The study is one of the first to show that COVID-19 has a direct effect on the pancreas, said Fiorina. “It indicates that the pancreas is another target of the virus, affecting not only the acute phase during hospitalization but potentially also the long-term health of these patients.”
The study assessed the health of 551 people admitted to the hospital in Italy from March 2020 through May 2020. A follow-up period included observations through six months after hospital admission.

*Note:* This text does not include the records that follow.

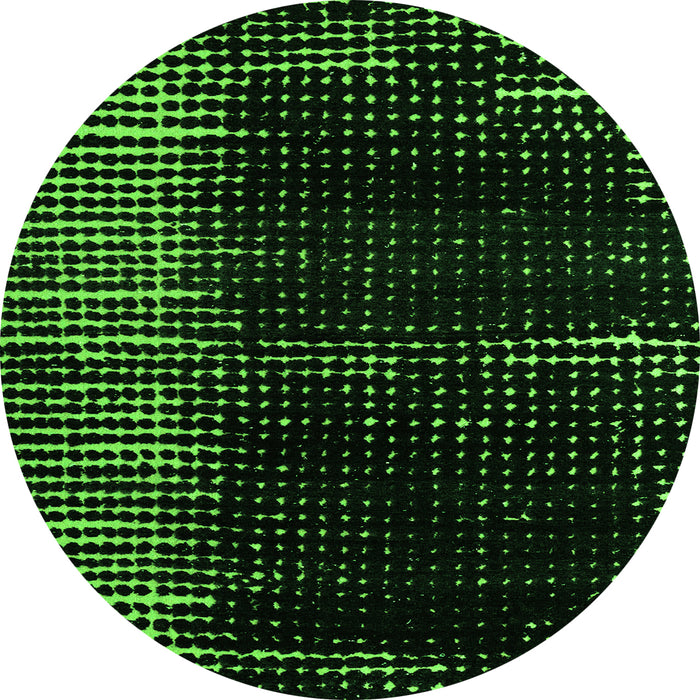 Round Machine Washable Abstract Green Modern Area Rugs, wshabs4915grn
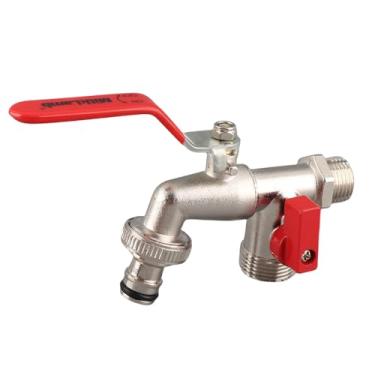 Imagem de ZJchao Torneira de Válvula Dupla para Máquina de Lavar Roupa, Com 1 Entrada e 2 Saídas, Em Liga de Zinco Eletrogalvanizado, Resistente e Com Fácil Controle de Fluxo de água.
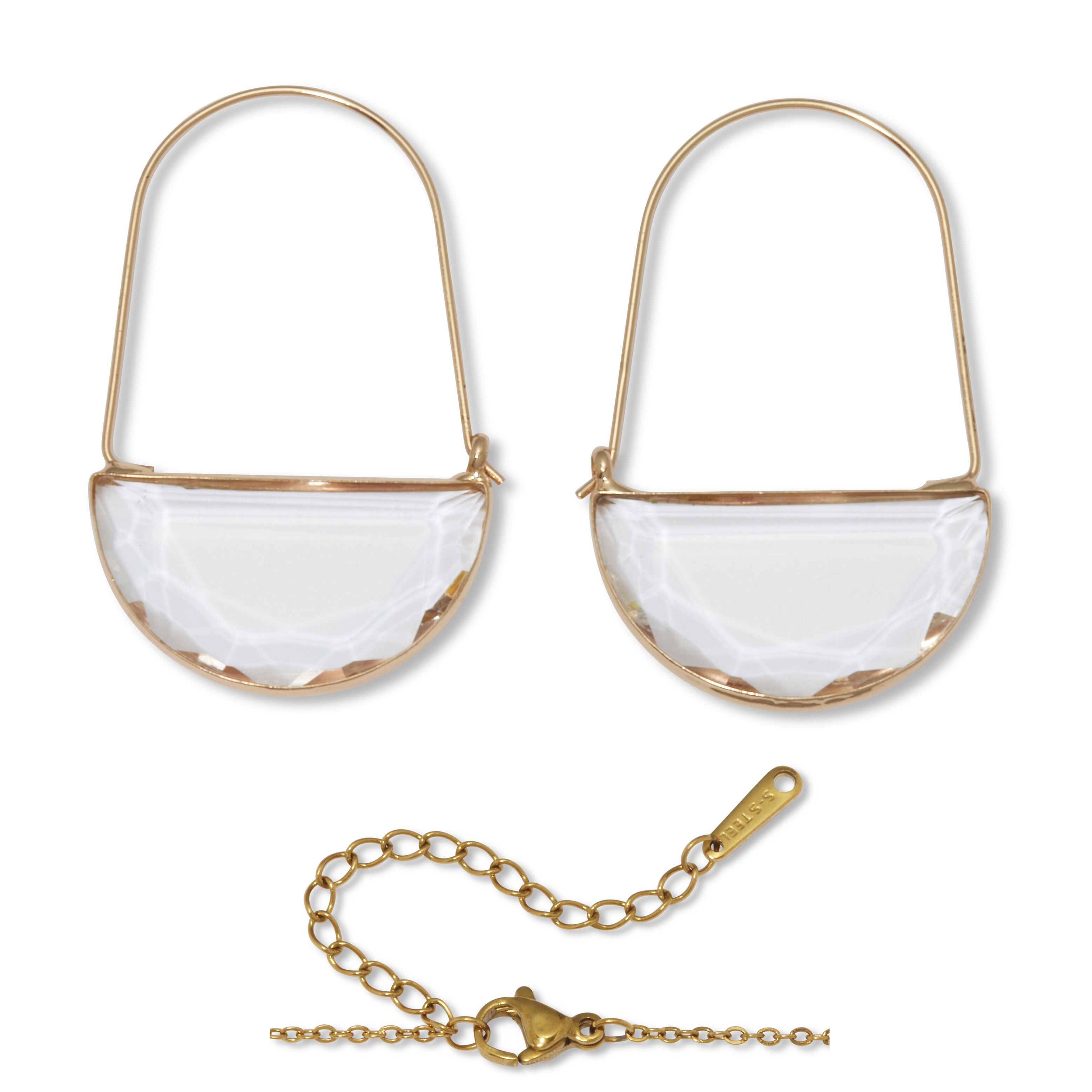 Crystal Half Moon Goldtone Jewelry Set, WHITE, on-hover image number 1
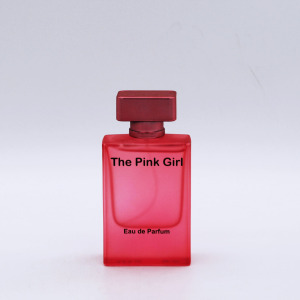 customizable high-end 50ml pink glass cosmetic empty perfume spray bottle with cap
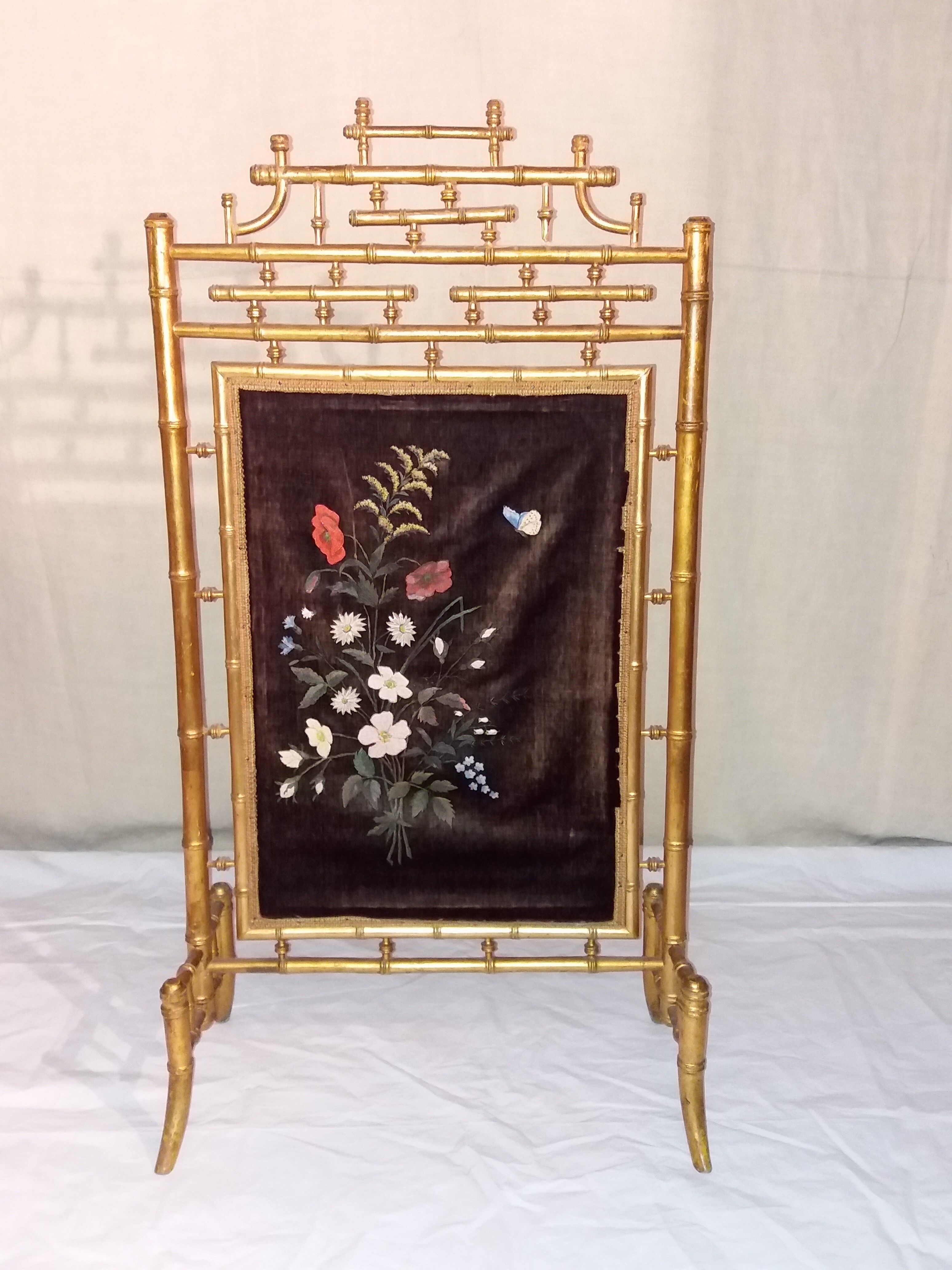 Ancient gold bamboo firescreen "Napoleon III"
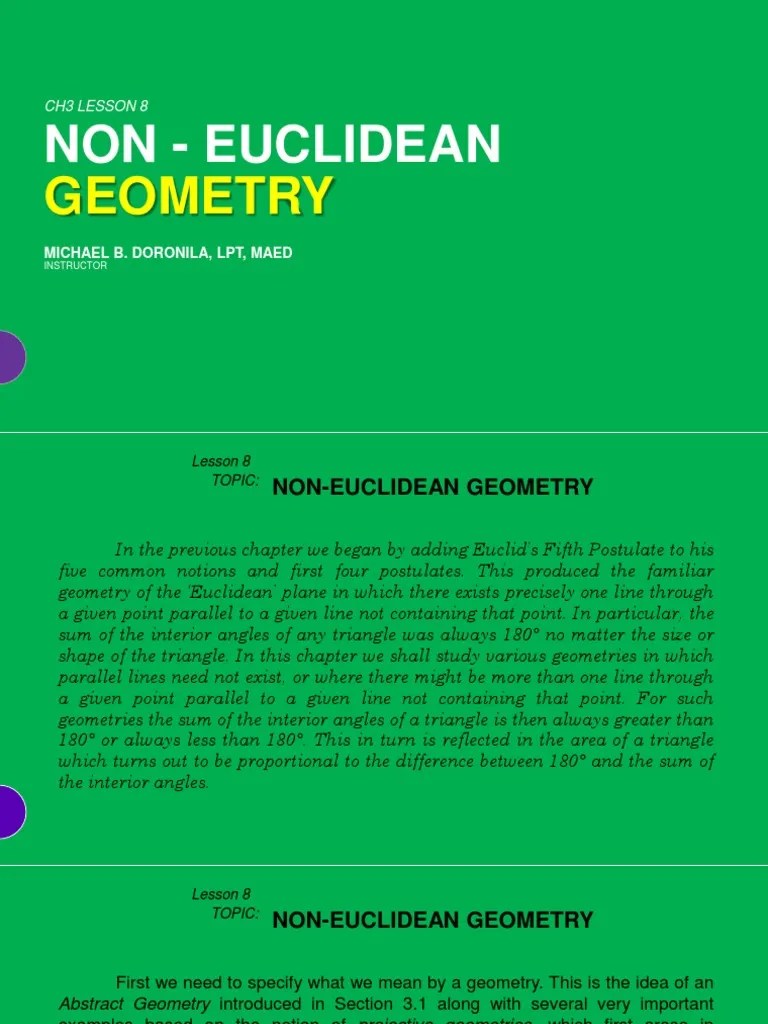 L8 NonEuclidean Geometry PDF Line (Geometry) Geometry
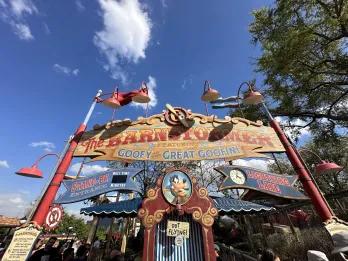 The Barnstormer A sign outside a theme park ride called The Barnstormer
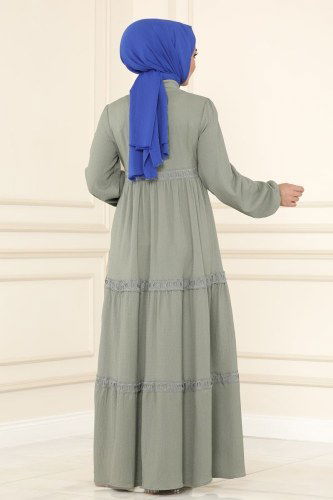 moda selvim Dantelli Bürümcük Elbise 5842BSK463 Mint - Thumbnail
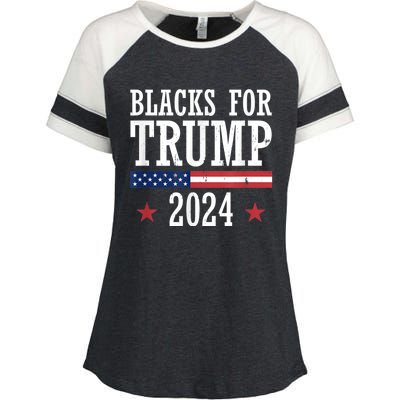 Blacks For Trump 2024 Presidential Election Republican Enza Ladies Jersey Colorblock Tee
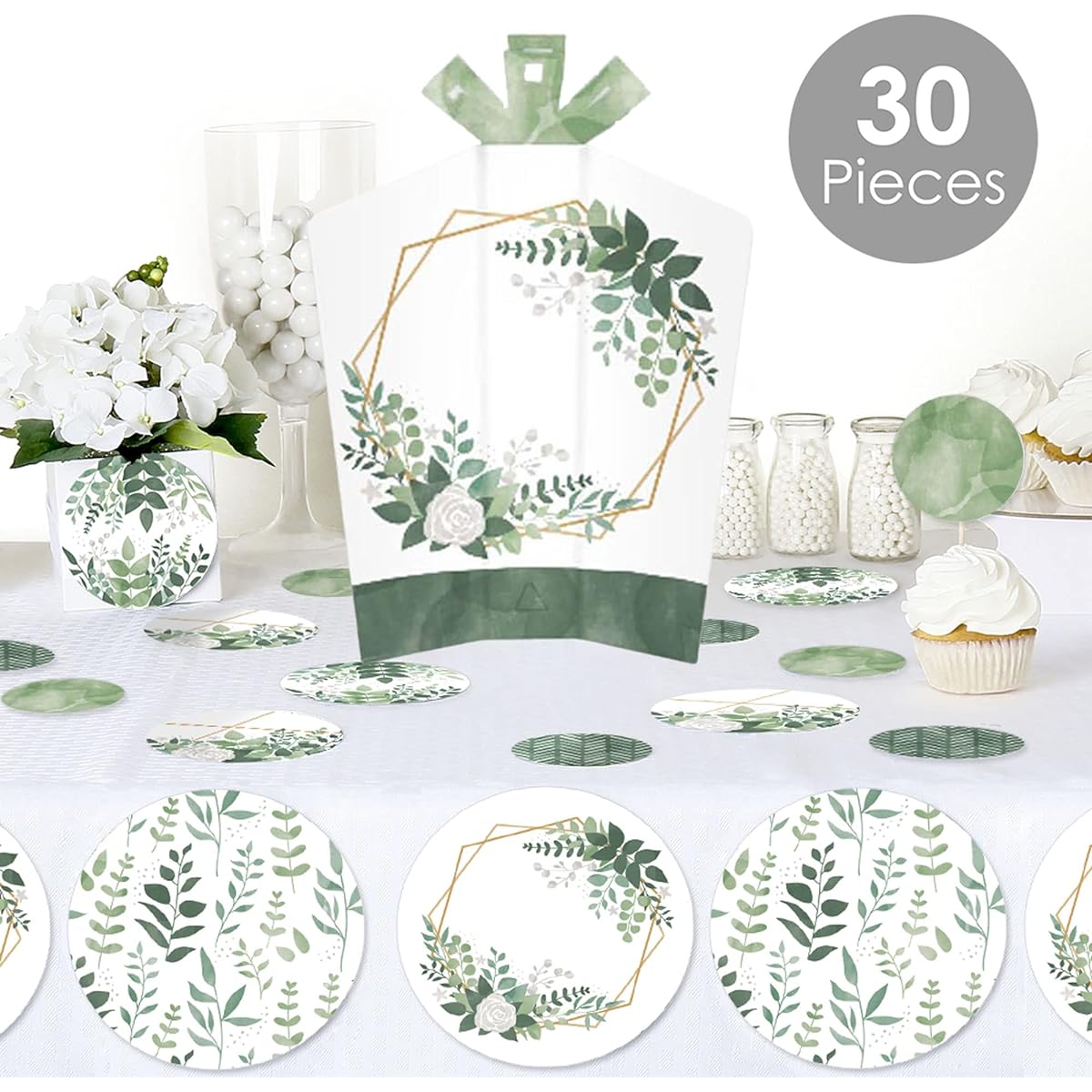 Big Dot of Happiness Boho Botanical - Greenery Party Decorations and Confetti - Amazing Table Centerpiece Kit - Set of 30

Compared with patients who had no signs of glucose abnormalities, the hyperglycemic patients had:
- longer hospitalizations
- worse clinical symptoms
- a higher need of oxygen
- a higher need of ventilation
- more need of intensive care treatment
“We wanted to understand the mechanism why these patients did poorly compared to those who did not have hyperglycemia,” said Fiorina, who published an earlier paper showing that COVID-19 worsens blood sugar control in people with diabetes.
Out of balance
To learn more, the researchers fitted all patients with a glucose sensor at admission. Over time, they detected many abnormalities in glucose metabolic control in the hyperglycemic patients.
They also found that hyperglycemic patients had abnormal hormone levels.
“We discovered they were severely hyperinsulinemic; they produced too much insulin,” said Fiorina.
They also had abnormal levels of proinsulin, a precursor of insulin, and markers of impaired islet beta cell function. Islet beta cells make and secrete insulin.
“Basically, the hormonal profile suggests that the endocrine pancreatic function is abnormal in those patients with COVID-19 and it persists long after recovery,” he said.
Hyperglycemic patients also had severe abnormalities in the number of inflammatory cytokines, including IL-6 and others.
“We thought that blocking IL-6, and potentially even other cytokines, would be a benefit for beta cell function,” said Fiorina.
His theory was proven true. Patients treated with anti-IL-6 therapy, tocilizumab, had greater improvement in blood sugar control compared with those who did not receive the medication.
Oncoming wave?
While glucometabolic abnormalities declined over time in some patients—particularly after COVID-19 infection waned—other issues remained.
Many patients had higher blood sugar levels after eating and abnormal pancreatic hormones in the post-COVID-19 period.
The study points to the importance of evaluating pancreatic function in patients hospitalized for COVID-19, both while in the hospital and over the long term, said Fiorina.
“This goes beyond fasting glucose testing because we observed glucose metabolic abnormalities during the day which were not always present in a normal fasting test,” he said.
In terms of treatment, questions remain about how to care for patients with COVID-19-related glucose abnormalities. Should patients be treated with just an antidiabetic drug like an insulin sensitizer, or should anti-inflammatory drugs like tocilizumab and other drugs be used?
“If you keep targeting and blocking insulin, but you have a strong and chronic inflammation, it may lead to chronic damage,” said Fiorina.
He suggests larger studies need to be done to test antidiabetes and anti-inflammatory treatment.
“When you consider how many patients have been hospitalized with COVID-19, and continue to be worldwide, we may see a huge increase in the diabetic population.”
Adapted from a Boston Children's blog post.